Tiga prajurit yang tadi menggunakan belati menyerang Jayaseta seperti rantai besi. Bergiliran namun dilakukan sangat cepat sehingga setiap serangan seperti berkali-kali lipat. Sang pemanah dari tanah Melayu melompat-lompat membabat ke arah kepala Jayaseta. Sedangkan satu prajurit yang tadinya memegang tameng menusukkan rotannya ke arah dada Jayaseta.

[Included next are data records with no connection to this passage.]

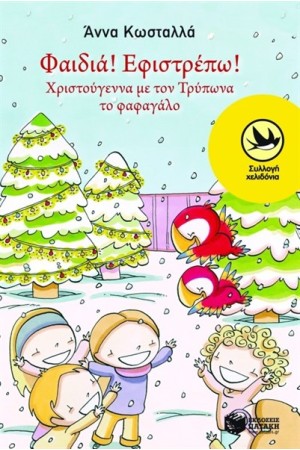 ΦΑΙΔΙΑ, ΕΦΙΣΤΡΕΠΩ! ΧΡΙΣΤΟΥΓΕΝΝΑ ΜΕ ΤΟΝ ΤΡΥΠΩΝΑ ΤΟ ΦΑΦΑΓΑΛΟ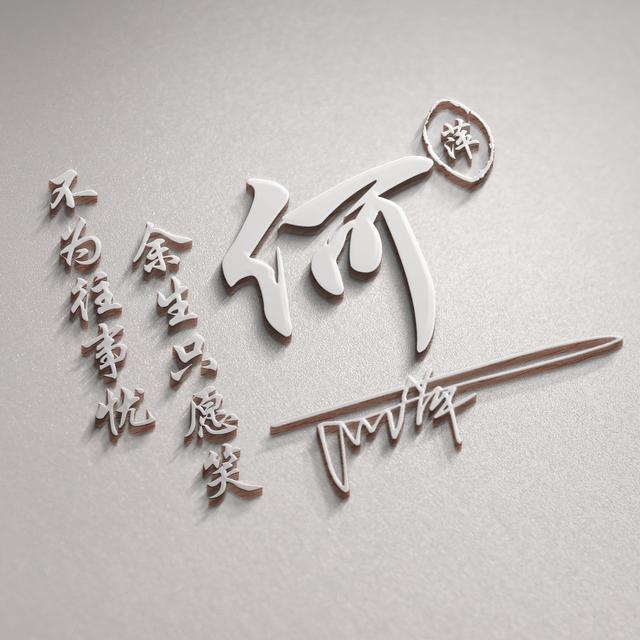 四月风.，微信头像，四月风.（50张3D鎏金质感八方来财签名头像）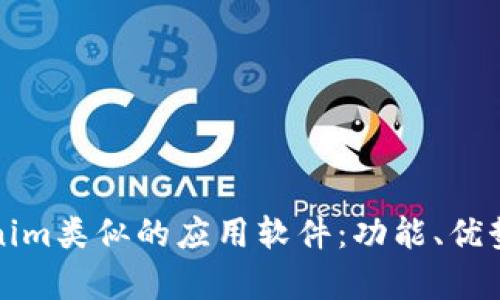 探索与Tokenim类似的应用软件:功能、优势与对比分析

Serangan-serangan mereka yang cepat dengan kuda-kuda rendah dan serangan menunduk sudah berhasil dikuasai Jayaseta pula. Yang terjadi adalah bahwa pertempuran ini dapat berjalan dengan panjang dan seru. Hanya saja Jayaseta tidak memandang demikian. Sebuah pertarungan bukanlah tempat untuk ajang pamer jurus. Sudah cukup waktu ia habiskan menghadapi Katilapan. Semakin jauh ia dari daratan, semakin resah pula jiwanya. Pendekar sehebat Jayaseta juka dapat merasa gelisah dan ketakutan. Sudah saatnya ia selesaikan pertarungan ini.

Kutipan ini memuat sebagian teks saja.